Regarding the Bush administration’s various operatives and other functionaries, particularly in the contexts of appointment and confirmation, Floyd is fond of pointing out that anyone who is willing to work at high levels for this blood-soaked regime is by definition assenting to its criminality, and is therefore unfit to serve our country. I agree with him, and I think it’s important to grasp the principle involved here if one is to maintain a realistic view of the political situation. It is one thing to say that so-and-so is a bad president, or attorney general, or whatever—or to say that one disagrees with the policies of a given administration or party. It is quite another to say that so-and-so is a criminal, that the administration is a criminal operation, and that (in the only possible conclusion that follows from this) said administration or government is illegitimate.

The list of abuses is a long one, of course. The case for impeachment for high crimes and misdemeanors has long ago been made thoroughly and convincingly. Prior to all this, however, even prior to the grave crimes against humanity committed in the name of a phony war on terrorism, this administration is essentially illegitimate because, I would argue, of the deliberate perpetuation of fraud and abuse in the electoral system. Any persons or organizations that take away the people’s suffrage by either falsifying or suppressing the vote, has violated one of the most basic values of our republic. If the state cheats on the vote, so that the voting public may no longer trust that the announced results of an election are true, the most basic element of legitimacy, the connection between the people and the elected public servants, is completely severed.

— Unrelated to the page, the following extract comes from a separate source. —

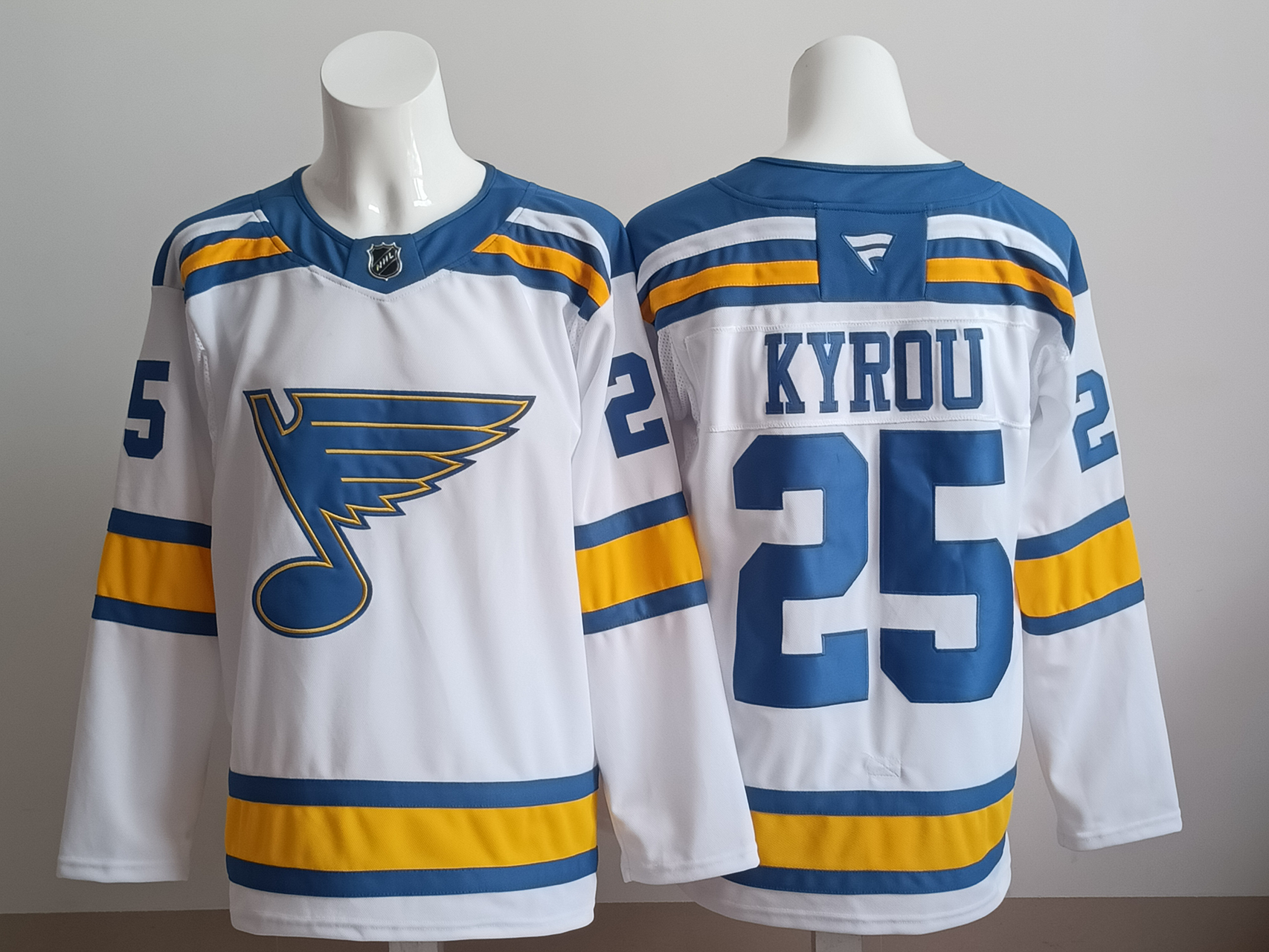 Men's St. Louis Blues Jordan Kyrou #25 Fanatics White Breakaway Player Jersey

This is not to say that the voting process hasn’t already been compromised, manipulated, degraded, and trivialized to an incredible degree over the years. But there’s a yawning gulf between the perception of general decadence in the electoral system, as serious as that is, and the perception of outright fraud and illegality reversing the actual objective results of a given vote. The former represents corruption; the latter goes further into dictatorship. In other words, it is truly subversion, and in my view is tantamount to treason because it completely invalidates even the appearance of government legality.

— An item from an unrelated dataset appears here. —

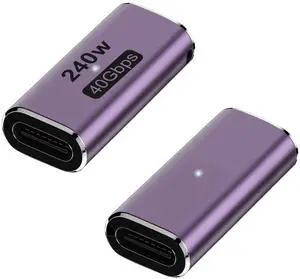 Vszerda 240W USB C Adapter (2 Pack), USB Type C Female to Female 40Gbps Coupler Connector for Thunderbolt, Switch, MacBook, Laptop, Tablet, Phone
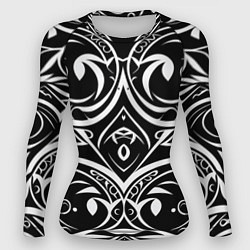 Женский рашгард Белое на чёрном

Now, this subversion occurred not only in the 2000 election, but in the 2004 election as well. And the crime of 2004 was actually more serious, since it was perpetrated by the administration in power in the White House, and thus indicates an even more dangerous incursion. The media has maintained an almost universal, deathly silence on the fraud of 2004, precisely because the implications are so frightening. For the Bush administration to have criminally re-elected itself would clearly identify it as an illegitimate government, thereby raising the bogeyman of a “Constitutional crisis” for which the establishment and its media have no stomach. Perception of the fraud on the part of the public is, however, widespread, and especially damaging to public trust. Furthermore, underneath the recent scandal of the fired U.S. attorneys is the greater scandal that the administration sought to use the Justice Dept. to subvert the electoral process. This is of course not as well known by the general public, but it is known by the Democratic leadership. In their own self-interest, then, the Democrats pursued that investigation, at least to the point of forcing the Attorney General from office, but it’s not clear if things will go any further at this time.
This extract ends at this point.